[Opening Input records section]

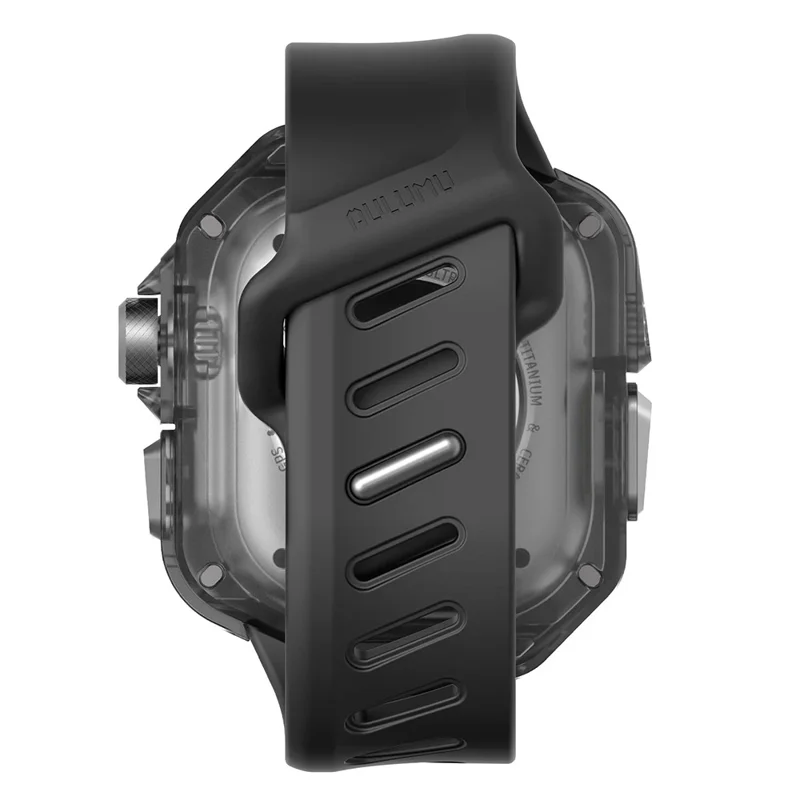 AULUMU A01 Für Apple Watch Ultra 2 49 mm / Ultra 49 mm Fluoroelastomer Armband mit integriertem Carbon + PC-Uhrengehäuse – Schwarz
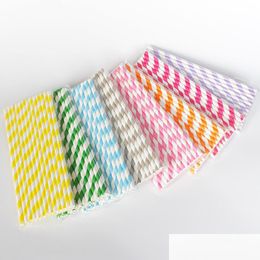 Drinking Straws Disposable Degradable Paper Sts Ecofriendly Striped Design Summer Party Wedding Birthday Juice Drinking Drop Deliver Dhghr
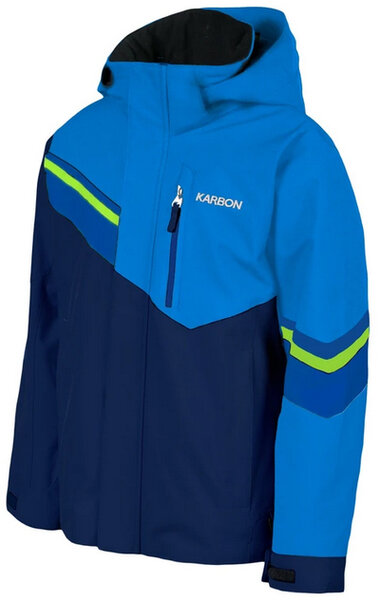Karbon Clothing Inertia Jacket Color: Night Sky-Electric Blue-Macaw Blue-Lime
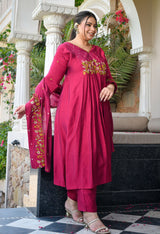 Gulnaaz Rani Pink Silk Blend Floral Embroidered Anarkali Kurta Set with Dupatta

[Closing Input records section]
[Opening Input records section]

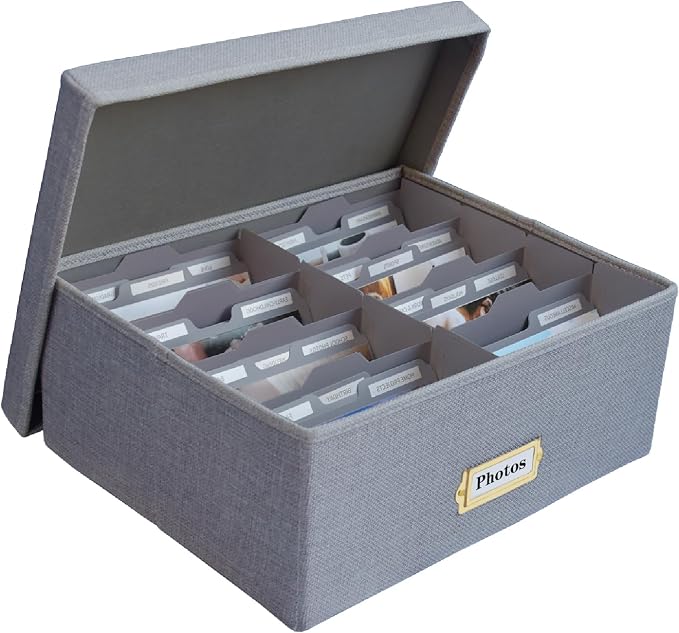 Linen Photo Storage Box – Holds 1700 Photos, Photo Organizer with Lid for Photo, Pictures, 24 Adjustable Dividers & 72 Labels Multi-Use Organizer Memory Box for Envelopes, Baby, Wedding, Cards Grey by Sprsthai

[Closing Input records section]
[Opening Input records section]

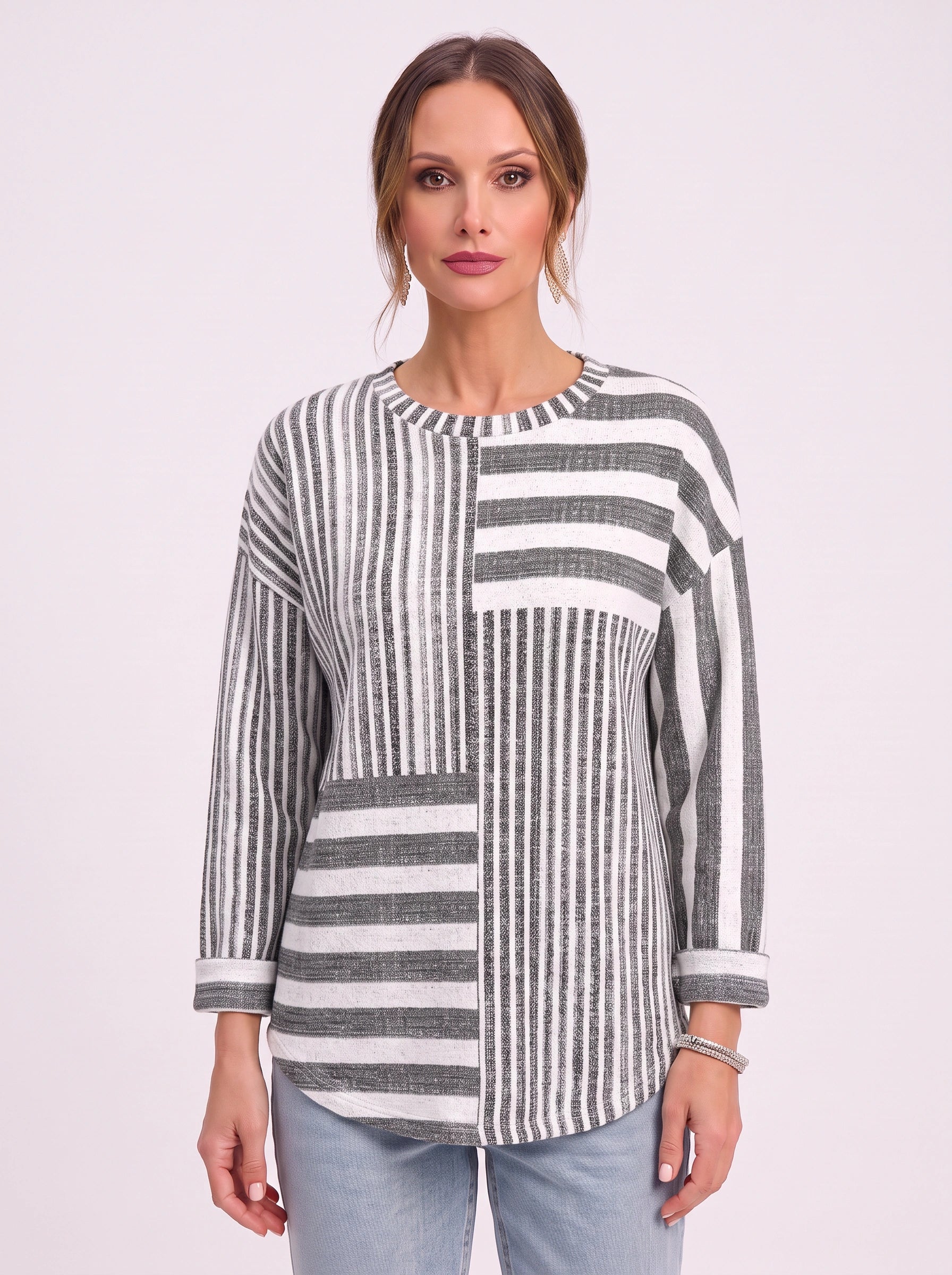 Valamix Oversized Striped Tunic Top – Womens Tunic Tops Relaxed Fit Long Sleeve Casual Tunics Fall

[Closing Input records section]

● Task details: Repeat the lines above exactly, beginning with the one containing "Drinking Straws Disposable" and finishing with the one containing "Gulnaaz Rani Pink". No pictures belong in the copy.

● Finished exercise:
 Drinking Straws Disposable Degradable Paper Sts Ecofriendly Striped Design Summer Party Wedding Birthday Juice Drinking Drop Deliver Dhghr
Karbon Clothing Inertia Jacket Color: Night Sky-Electric Blue-Macaw Blue-Lime
 Gulnaaz Rani Pink Silk Blend Floral Embroidered Anarkali Kurta Set with Dupatta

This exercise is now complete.